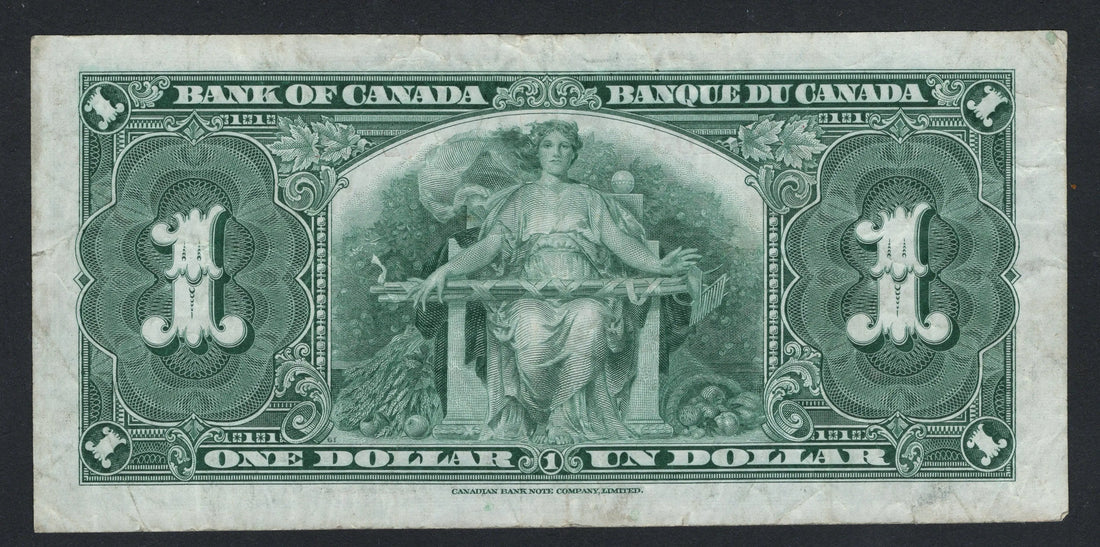 Canada 1937 $1 One Dollar Banknote vf/f10 worldbanknote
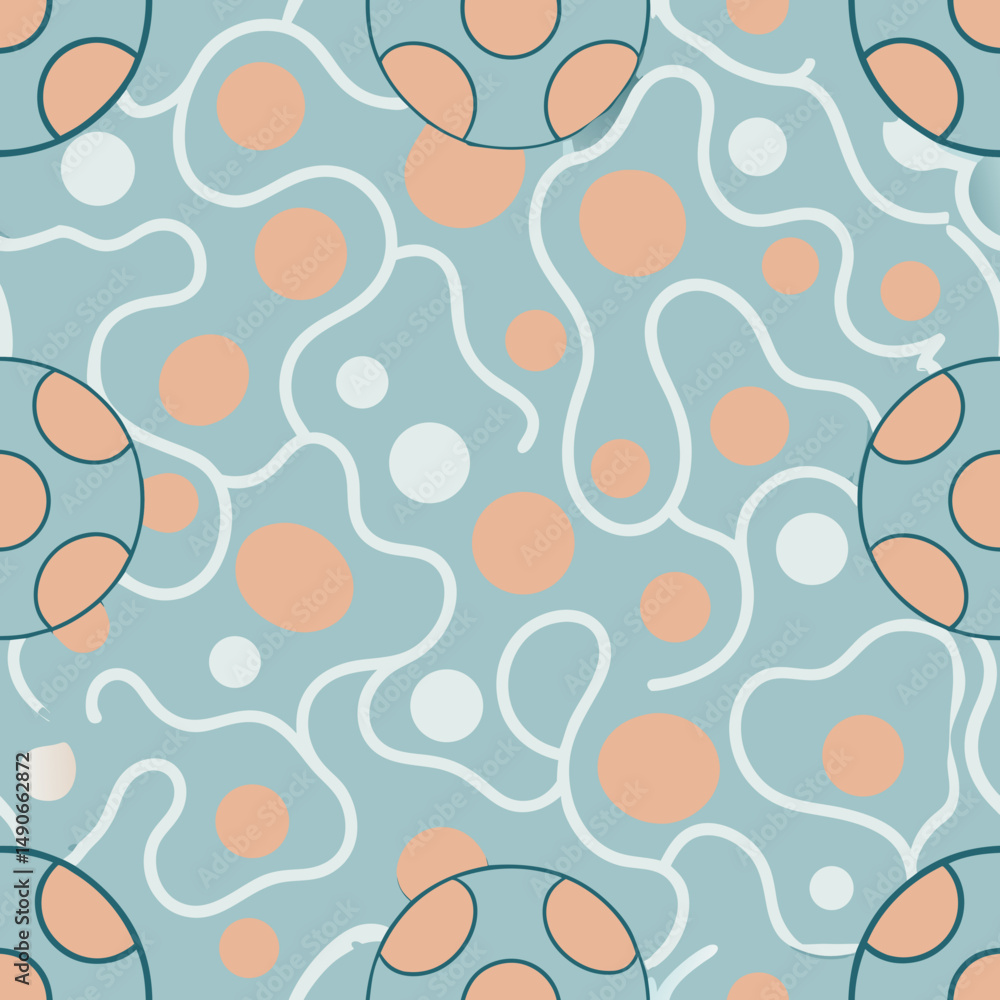 Poster abstract seamless vector pattern with pastel circles and wavy lines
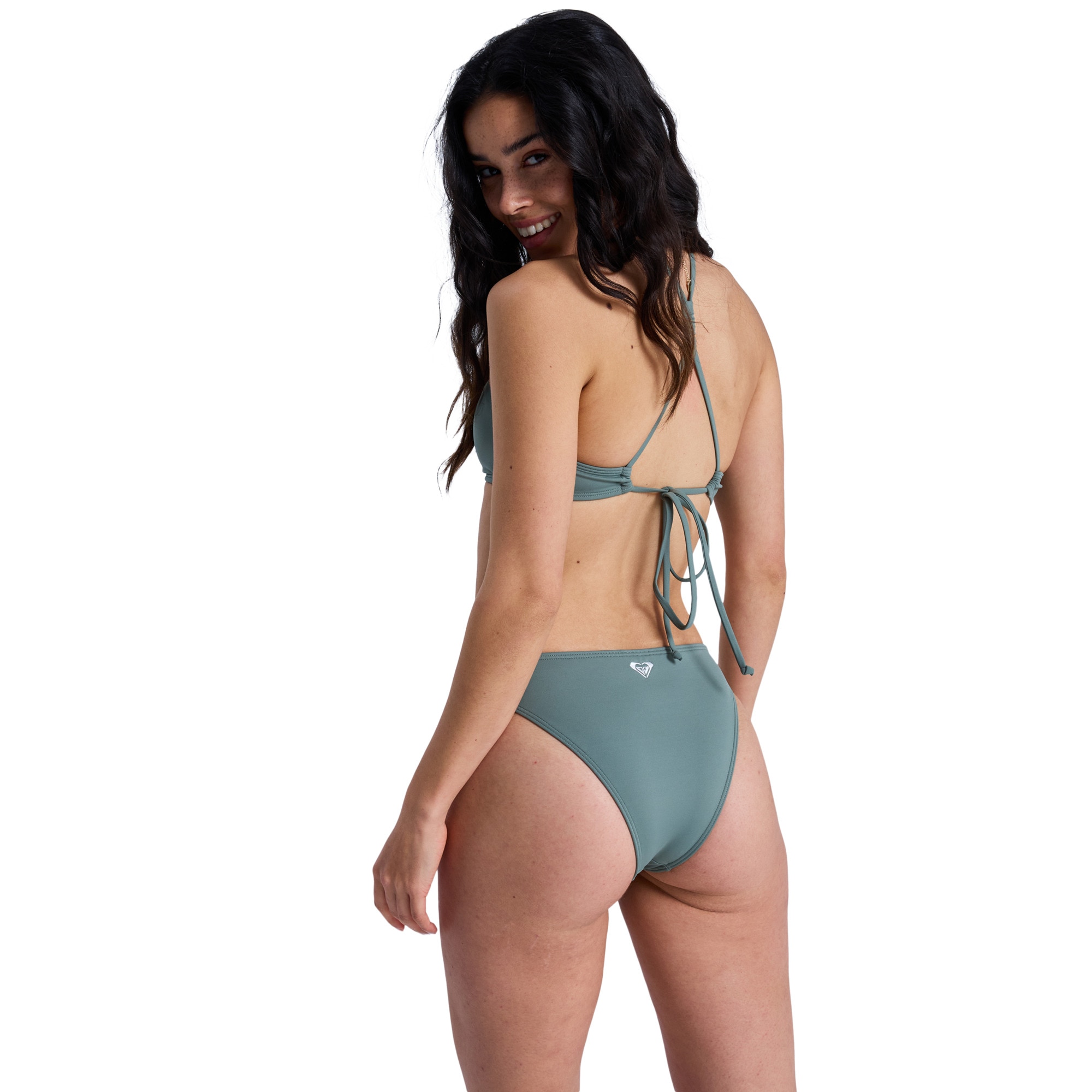 Braguita de bikini de cobertura media de mujer Solid Essentials Roxy - Verde Verde-2
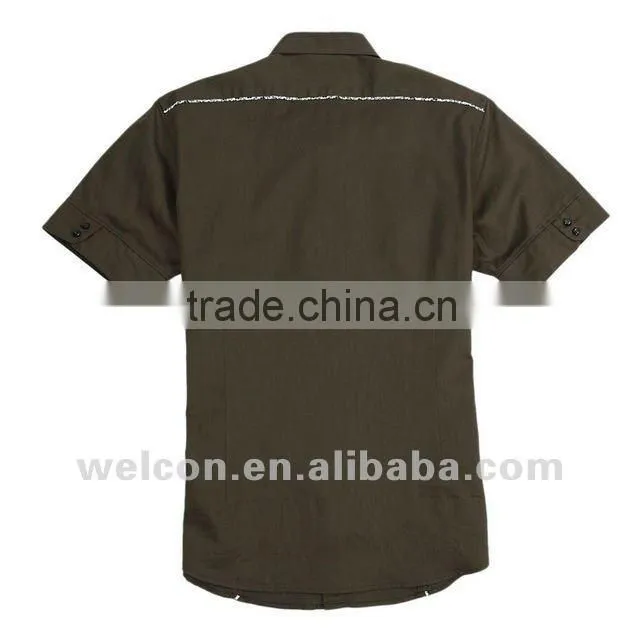 Latest European style popular casual black new stylish men's short sleeve cotton shirt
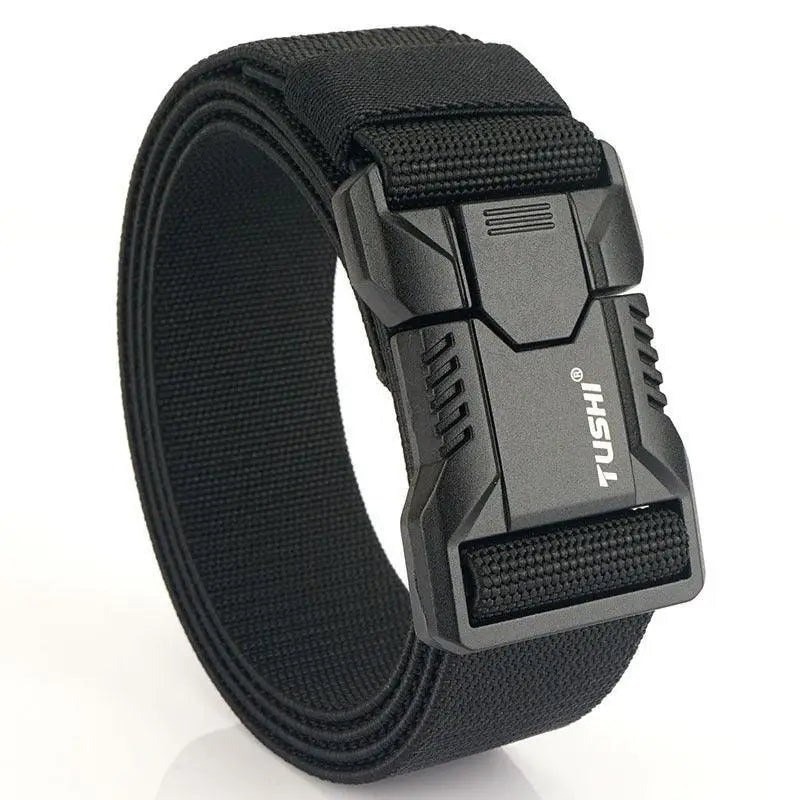 Black nylon thidrik elastic tactical military belt with plastic buckle for combat use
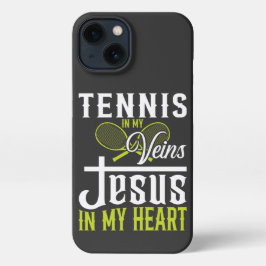 Tennis In My Veins Jesus In My Heart iPhone 13ケース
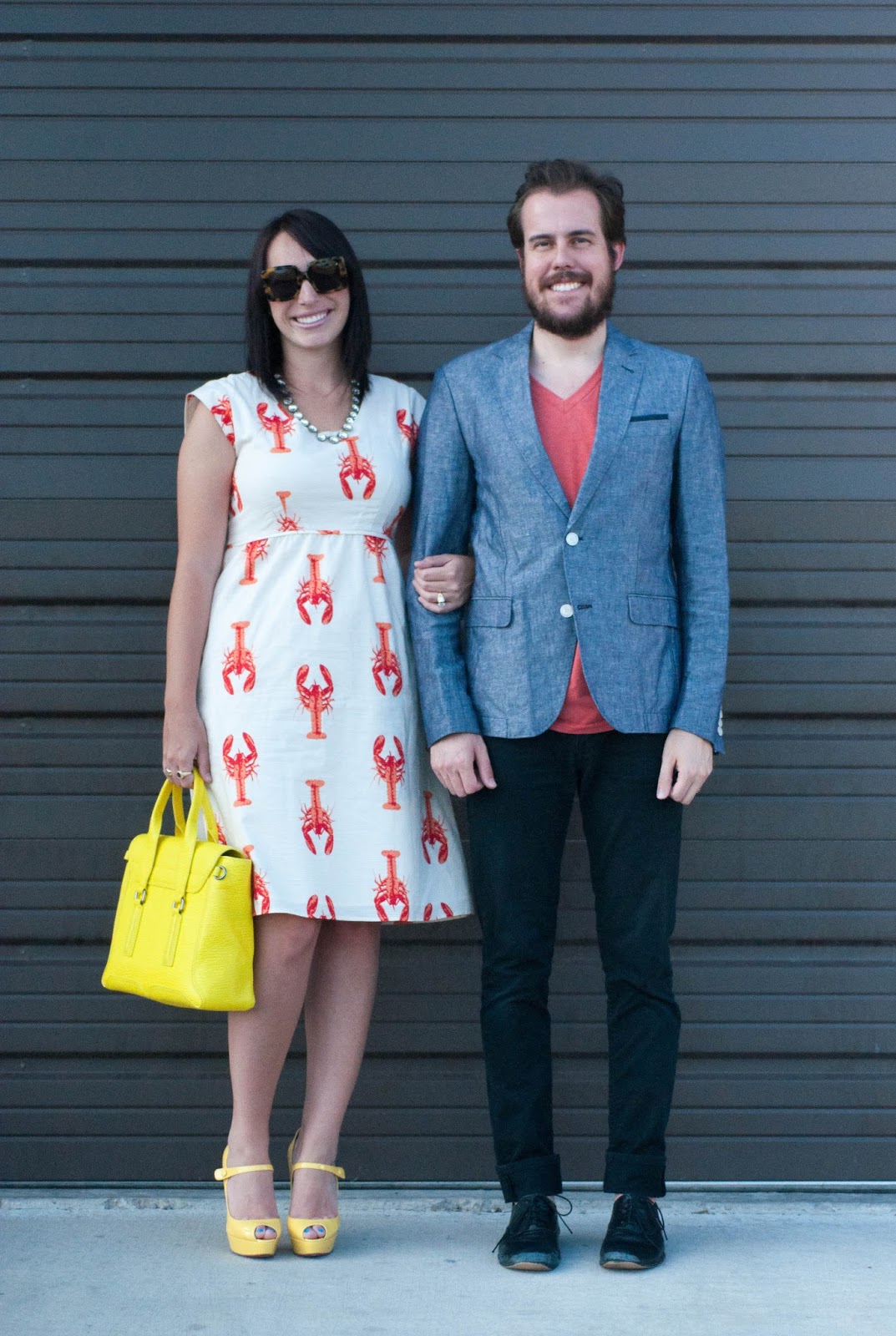 ootd, style blog, couples style blog, lobster dress, christian louboutin bana heels, 3.1 phillip lim pashli medium satchel, jcrew necklace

> **Required work**:
Pictures stay out; reproduce exactly the lines from the one containing "Black nylon thidrik" through the end of the data.

> **Response box**:
 Black nylon thidrik elastic tactical military belt with plastic buckle for combat use
 Tennis In My Veins Jesus In My Heart iPhone 13ケース
 ootd, style blog, couples style blog, lobster dress, christian louboutin bana heels, 3.1 phillip lim pashli medium satchel, jcrew necklace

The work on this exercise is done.